* [Provided records]:
= Beginning of Section =

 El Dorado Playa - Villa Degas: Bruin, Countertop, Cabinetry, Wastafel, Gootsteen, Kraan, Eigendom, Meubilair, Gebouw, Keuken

= End of Section =
= Beginning of Section =

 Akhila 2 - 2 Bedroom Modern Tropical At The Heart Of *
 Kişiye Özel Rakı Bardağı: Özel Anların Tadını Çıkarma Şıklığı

= End of Section =

* [Brief]: Produce a word-for-word copy of everything above from the line holding "Akhila 2 - 2" down to the line holding "Kişiye Özel Rakı", with both of those lines kept.

* [Exercise answer]:
 Akhila 2 - 2 Bedroom Modern Tropical At The Heart Of *
 Kişiye Özel Rakı Bardağı: Özel Anların Tadını Çıkarma Şıklığı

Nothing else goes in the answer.